» ASSIGNED TASK:
Stop after the line that contains "Slide: The Image". Until then, retype each line of the entries exactly from the first one, skipping pictures.

Short descriptive text snippets
Segment Open

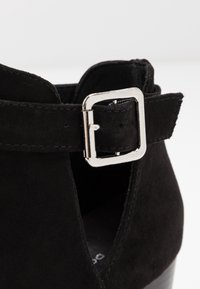 Närbild av svart mockaskosnör med silverfärgad rektangulär spänne mot en vit bakgrund.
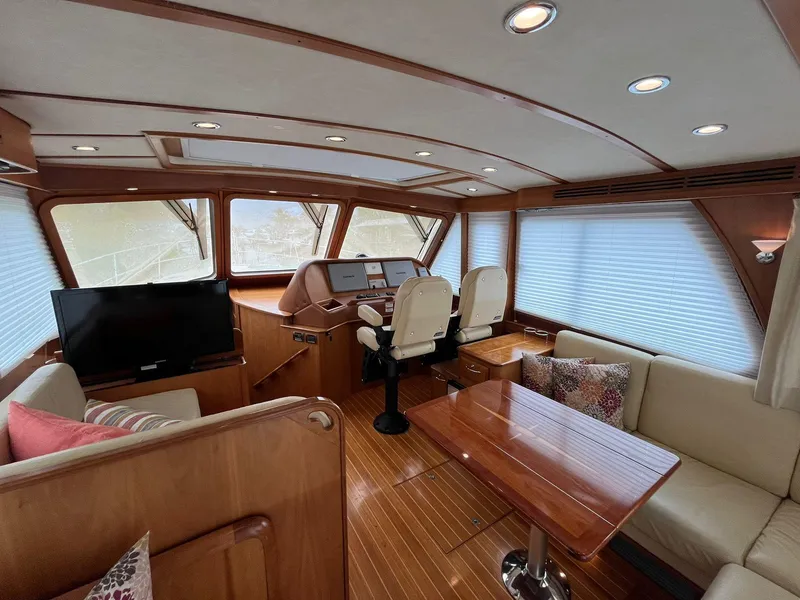 Slide: The Image of Interior of 2013 Sabre 48 Salon Express yacht with elegant wood finish and seating area. - 32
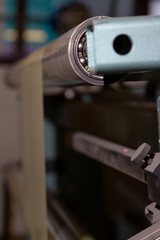 imagery of the blue bearing and cogs of machine feeding thin sheets of plastic packaging through a factory. sharp image of side of a machine for pressing colouring and cutting material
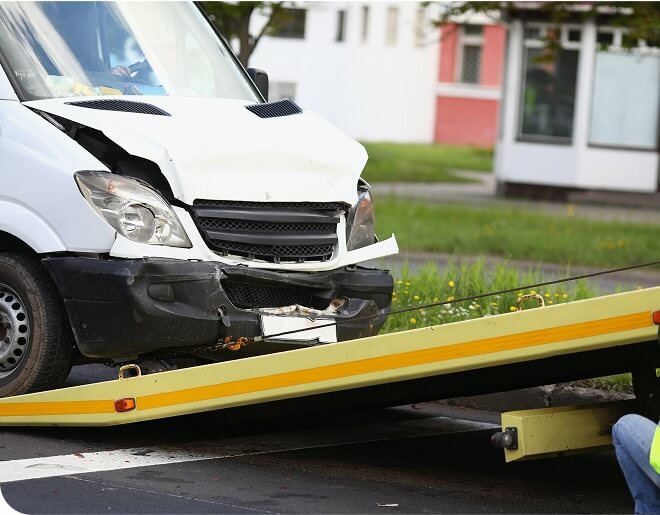 Service van with its front smashed in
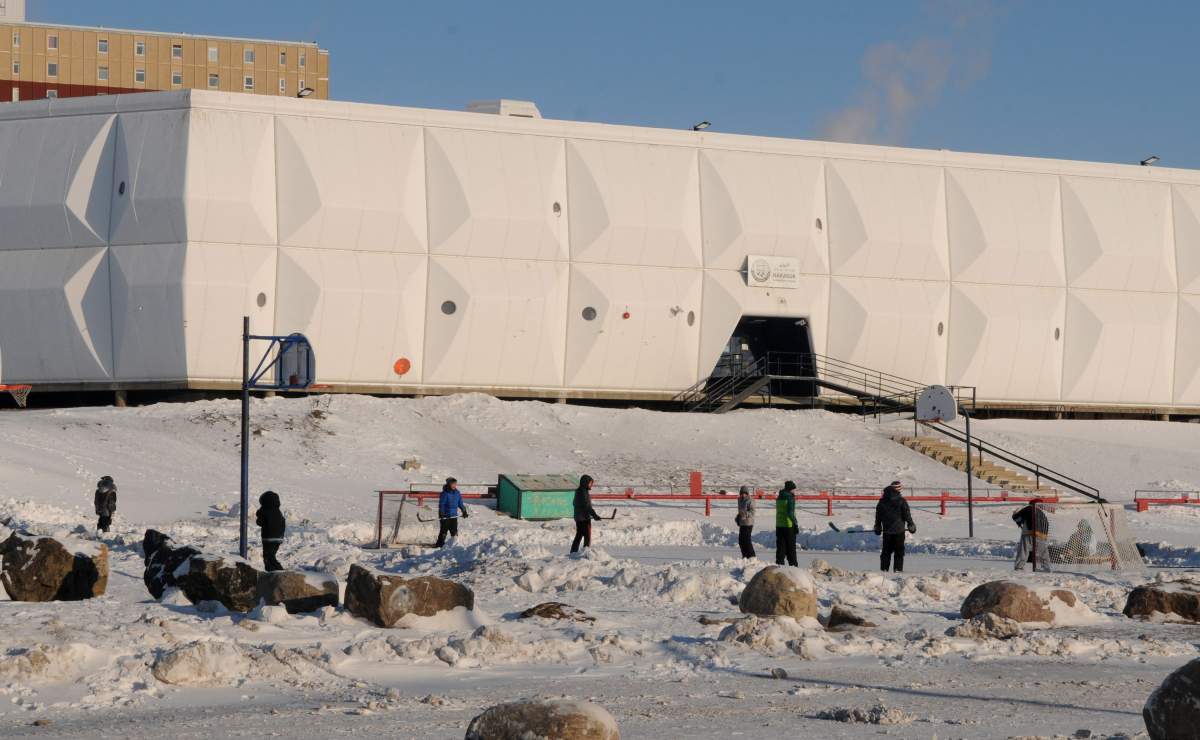 Youths play ice hockey on an outdoor rink in front of the Nakasuk Elementary School in Iqaluit, the capital of Nunavut, Canada on February 16, 2014.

Segment Closed

» ANSWER SECTION:
 Närbild av svart mockaskosnör med silverfärgad rektangulär spänne mot en vit bakgrund.
 Slide: The Image of Interior of 2013 Sabre 48 Salon Express yacht with elegant wood finish and seating area. - 32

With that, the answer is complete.